My question: How do I create a fifth column on the right side of this data set x that will include the predictions (i.e. fitted probabilities) for Report? Of course, I could just insert the glm$fitted as a column, but I'd like to try to write a code that predicts it based on whatever is in the race, sex, gender columns for a more generalized use.
Right now I the follow code which I will hope create a predicted column as well as lower and upper bounds for the confidence interval.
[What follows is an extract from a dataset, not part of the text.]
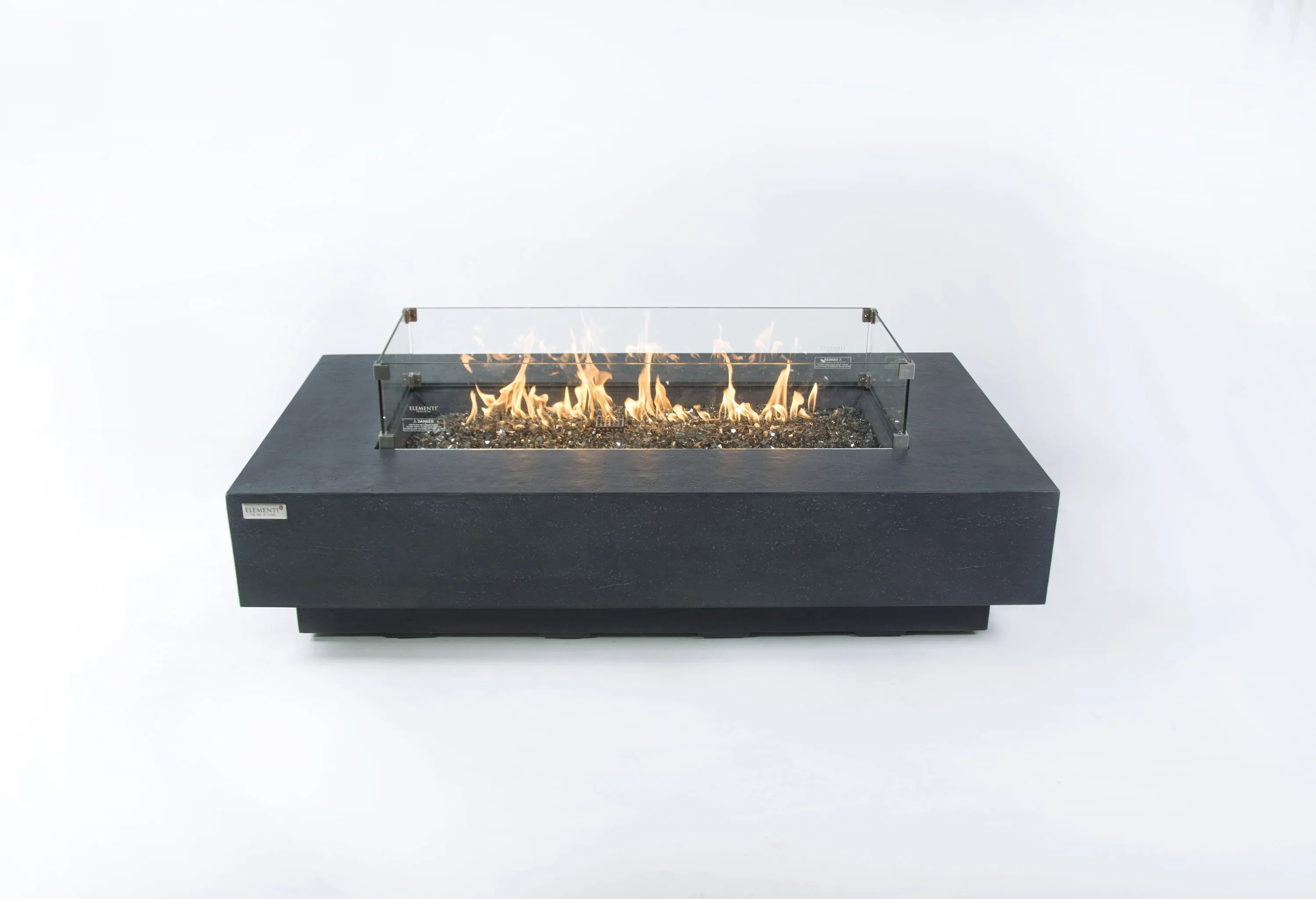 Elementi Plus OFG415DG Positano Concrete Outdoor Fire Table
xnew <- cbind(xnew, predict(glm5, newdata = xnew, type = "link", se = TRUE))
xnew <- within(xnew, {
PredictedProb <- plogis(fit)
LL <- plogis(fit - (1.96 * se.fit))
UL <- plogis(fit + (1.96 * se.fit))
})
Unfortunately I get the error:
Error in eval(expr, envir, enclos) : object 'race.f' not found
after the cbind code.
Anyone have any idea?
There appears to be a few typo in your codes; First Xnew calls on glm5 but your model as far as I can see is glm (by the way using glm as name of your output is probably not a good idea). Secondly make sure the variable race.f is actually in the dataset you wish to do the prediction from. My guess is R can't find that variable hence the error.